To raise quality standards and build a truly sustainable high-quality culture throughout a society takes hard work and determination. But it also takes consensus on what constitutes a high-quality society. What do we agree on in Ghana, when our major political parties seem unable to agree on anything – other than that which benefits their principal actors as individuals? And these days also on demonstrating bipartisan solidarity when it comes to calling on bereaved VIPs to express condolences at funeral ceremonies? Whether those funerals be the one day, one week, one month, one year or one decade ceremony! Where is our jointly owned living, organic, long-term development plan – one which can survive multiple electoral cycles?
So how, in such a fractious environment of political incivility, can we ever manage to progress sustained quality improvement efforts that yield positive society-wide impacts?
We in Africa and Ghana must define for ourselves what we mean by QUALITY. We must certainly learn from all experiences and knowledge that we can find anywhere in the world, for we are a part of the globe, and all global knowledge must be ours too. But it is only we who must study our historical evolution, concrete conditions, and circumstances, to produce the best solutions suited for our societies. The Akan proverb says it all: Obi ntumi nto Anansesɛm nkyerɛ Ntikuma
Whatever we decide to do, we must also wage war on mediocrity. The knowledge of excellence and a true motivation to attain it, are what, when all is said and done, quality is – or should be about. We must free the search for quality in Ghana from parochial provinces of product experience and customer service, to think differently about quality. That is the path to greatness. Wherever quality thinking has made a lasting and sustainable difference to a society, it has taken on the status of a concrete civilisational ambition to attain and achieve a higher and fairer culture for all. This is why so many people speak about a Quality Revolution.
Quality must disrupt cultures to improve society
Ambitions for more quality in society spur holistic innovation – by definition, thinking and acting differently to improve life.
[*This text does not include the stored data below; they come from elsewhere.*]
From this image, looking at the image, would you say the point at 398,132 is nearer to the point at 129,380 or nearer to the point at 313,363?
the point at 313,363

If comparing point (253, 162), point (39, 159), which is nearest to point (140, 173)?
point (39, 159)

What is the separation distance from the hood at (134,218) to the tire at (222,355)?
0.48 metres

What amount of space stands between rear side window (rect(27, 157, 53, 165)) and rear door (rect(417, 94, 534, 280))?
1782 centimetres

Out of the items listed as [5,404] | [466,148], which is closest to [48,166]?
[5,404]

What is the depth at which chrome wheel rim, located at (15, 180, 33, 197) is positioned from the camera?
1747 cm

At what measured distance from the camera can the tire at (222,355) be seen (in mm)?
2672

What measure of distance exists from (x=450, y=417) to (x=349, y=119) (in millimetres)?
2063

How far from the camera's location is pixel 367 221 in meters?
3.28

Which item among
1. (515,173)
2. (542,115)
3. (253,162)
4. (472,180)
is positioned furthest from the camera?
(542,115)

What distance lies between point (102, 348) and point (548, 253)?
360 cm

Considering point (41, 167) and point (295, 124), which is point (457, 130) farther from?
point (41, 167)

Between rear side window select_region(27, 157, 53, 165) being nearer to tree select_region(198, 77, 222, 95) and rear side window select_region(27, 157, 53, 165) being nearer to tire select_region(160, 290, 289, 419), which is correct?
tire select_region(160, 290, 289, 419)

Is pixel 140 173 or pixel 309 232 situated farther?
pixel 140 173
We must open the windows of the static mimicry of past rituals we sometimes call culture and let in fresh air from science. Science is used here in its broadest and most expansive meaning. Organic cultures breathe; they adapt from learning acquired through lived experience.
Knowledge is the primary productive force, in any serious society. It must impact culture. Culture is behaviour at scale; it cannot be static. Culture is not just simplistically mimicking how our forebears lived, as acts of nostalgia. Culture must embrace new knowledge and adapt; it is not stuck in our genetics as a people. We must retain all beneficial aspects of the cultures of our ancestors – but that which we now have the tools to improve, we must.
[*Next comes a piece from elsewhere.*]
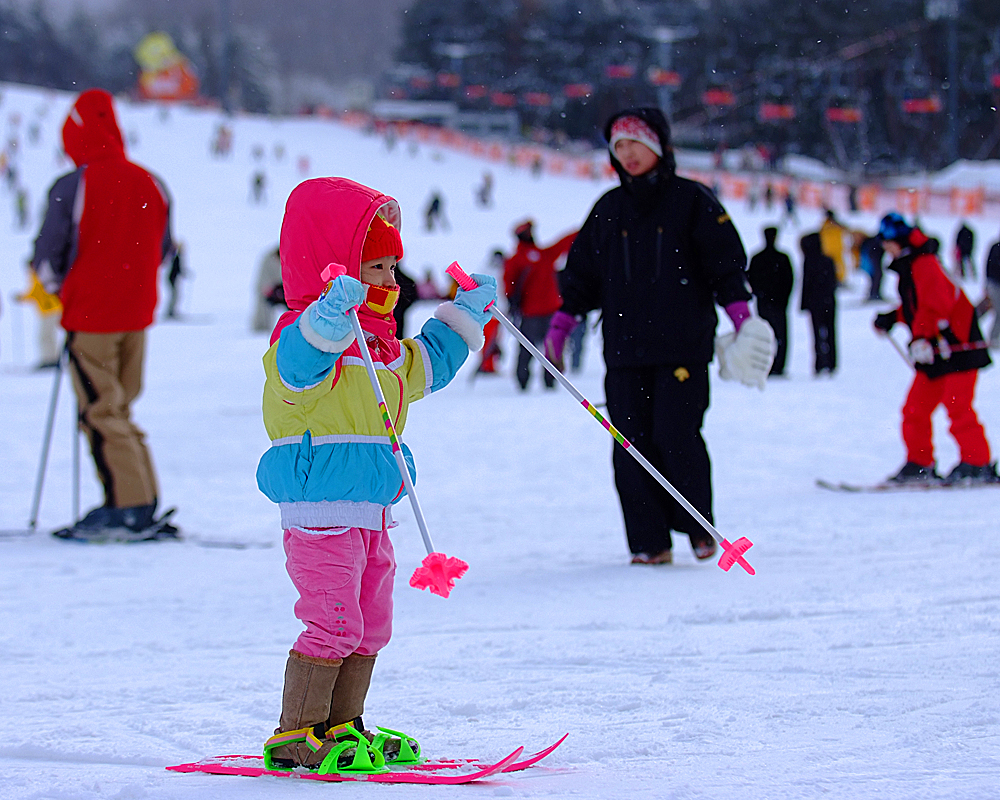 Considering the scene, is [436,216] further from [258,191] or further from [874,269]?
[874,269]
The systematically rendered and distilled knowledge from our culture that enriches our study of herbal science, good nutrition, architecture, all the humanities, and our very essence as human societies must be studied and cherished. But we must jettison the unnecessary, if we are to grow.
My grandmother’s home in the village once had kerosene lanterns, out of need – not any fidelity to a particular culture. When electricity came her way, she embraced it and moved on. We are then not practicing African culture if we get stuck with lanterns and reject new knowledge today, simply because once upon a time our ancestors did not have electricity. Everyone else in the world hails from historical antecedents that once did not have electricity too. There is nothing exclusively African about underdevelopment, we must resist the urge to romanticise poverty by calling it Indigenous culture.
Our culture can be improved, but we must decide what we want to improve. It is in this way that we have, as an example, embraced the use of mobile phones. We must make culture compatible with all that improves society, by our own definitions. And that is how quality is championed.
In 2025, I repeat my obsessive call to all chiefs in the country: there is no reason – for example – we must still have human borne palanquins. If you insist on being hoisted in the air for whatever reasons of your cosmology, it is unlikely that the gods will reject motorised improvements. Please do this (motorisation of palanquins), as part of the search for quality.
Let us not be under any illusions that championing a quality culture and the reforms required to sustain them in society will be easy. But, if we are permitted to ask, what is good in this world that comes easily? Ousmane Dembele, the charismatic and very deserved winner of football’s 2025 Ballon d’Or, is a source of inspiration in this regard when he says: “I’ve had difficult moments, but I never gave up. I kept working, kept believing and now I’m stronger. Every training session is a chance to improve to be sharper, to be stronger”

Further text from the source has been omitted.